Advent 2011: der Euro brennt

Hat  er sich von selbst entzündet oder war es Brandstiftung? Der internationale Geldmarkt war es. Und wer handelt an diesem Markt? Das sind die Zentralbanken  und Kreditinstitute. Also hat unsere Zentralbank, die EZB, den Euro angezündet. Nein, die EZB versucht den Brand zu bekämpfen, indem sie  verbrannte Staatsanleihen aufkauft. Also waren es die europäischen Banken? Nein, die haben sich selbst die Finger am Euro verbrannt.

Bei einem Verbrechen fällt der Verdacht zuerst  auf den, der den größten Nutzen daraus zieht. Cui  Bono– lautet die entscheidende Frage! Wohin flüchtet das kontinentaleuropäische Geld, wenn der Euro abbrennt? In den Schweizer Franken ? Das wollen die Eidgenossen nicht und haben den Franken also schnell gedeckelt.  In Gold und Silber? Das will das sogenannte Bankenkartell nicht und gibt deshalb den Edelmetallen und deren Aktien regelmäßig eins auf den Deckel. In Immobilien? Ja, aber weil diese erstens nicht beliebig vermehrbar, zweitens nicht mobil und drittens mit einer Zwangshypothek belastbar sind hat auch diese Flucht ihre Grenzen?  Aber was ist  denn grenzenlos? Das Vertrauen in Gott. Und wer vertraut in Gott? In Gott vertrauen die Herausgeber des Dollars.

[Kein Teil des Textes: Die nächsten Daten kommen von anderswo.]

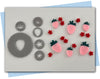 abstract strawberry extruder discs with flowers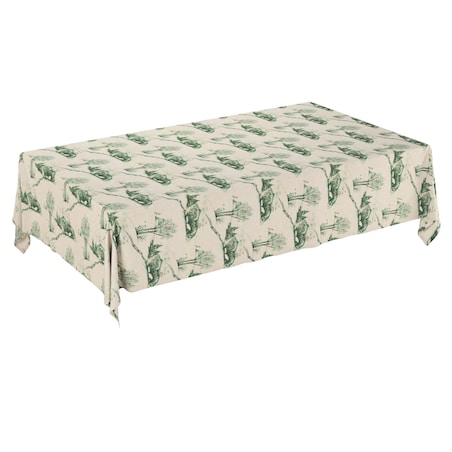 Obrus prostokątny 100 x 100 cm zielony wzór cottage na beżowym tle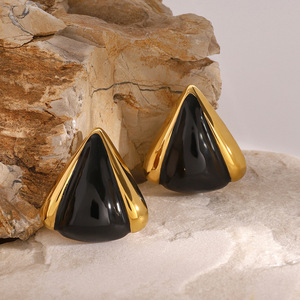 <b>Black</b> Triangular <b>Stud</b> <b>Earrings</b> 18k Gold Plated Stainless Steel Geometric Design Fashion Jewelry For Women - Product Image 3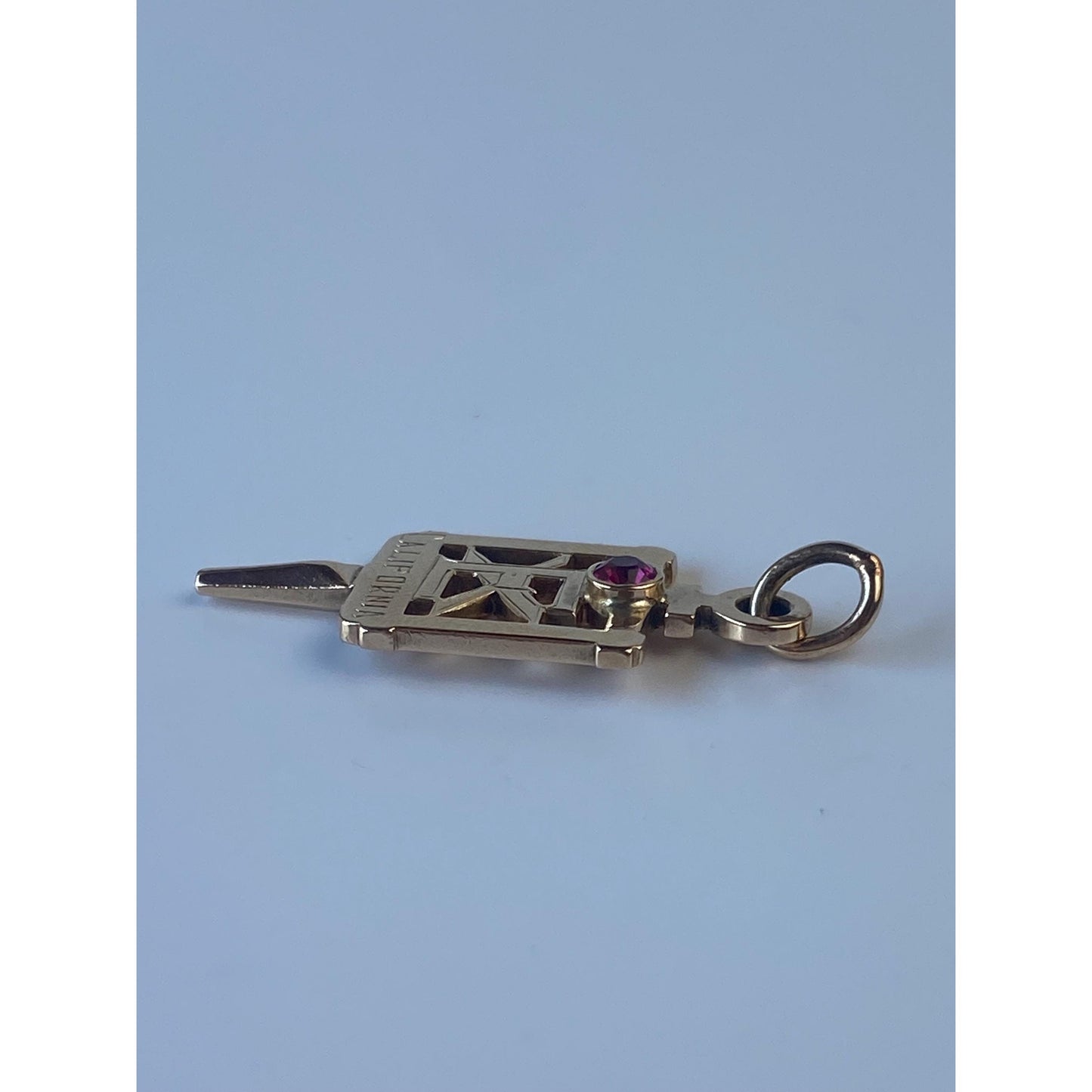 Vintage Solid 10k Yellow Gold Pink Sapphire Key Charm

Die Federal Reserve  kauft  amerikanische Staatsanleihen ohne Grenzen und stärkt damit  das Vertrauen in den eigenen  Dollar.  Da Vertrauen die einzige Deckung von Papiergeld ist, nützt es dem Dollar und damit  der FED, wenn der Euro brennt.  Und wer ist die FED? Die FED ist eine private Veranstaltung mit der Lizenz zum Gelddrucken. Sie gehört wenigen Großbanken.  Also nützt es am Ende des Tages wenigen großen Banken wenn der Euro abbrennt.  Aber warum retten wir dann die  Banken? Gute Frage. Wahrscheinlich, weil unsere Politiker nur Marionetten sind. Wenn unser  Euro-Bonds  Girl  sich  wie eine richtige Mutti verhielte, würde sie uns   von der Brüsseler Diktatur  befreien.  Aber was tut sie? Sie will  unser Volk in eine Fiskalunion führen. Das wäre dann die Vollendung der Brüsseler Fremdherrschaft.

Gibt es eine Blaupause für den Widerstand dagegen? Ja, die gibt es: den Salzmarsch von  Mahatma Gandhi. Ihm ging es um die Freiheit seiner Nation. Und genau darum geht es auch im Advent 2011

Der gewaltlose Weg zu unserer Freiheit führt  nicht  über die Parlamente, er führt über bürgerlichen Ungehorsam gegen die Profiteure  unseres Geldsystems.

Occupy Wall Street ist ein richtiger Schritt. Wenn 99 % aller Amerikaner und 99% aller Europäer auf die Strasse  gehen und  friedlichen Widerstand   gegen das 1 % der Bankster  organisieren, dann werden wir unsere ökonomische und soziale Freiheit zurückerobern.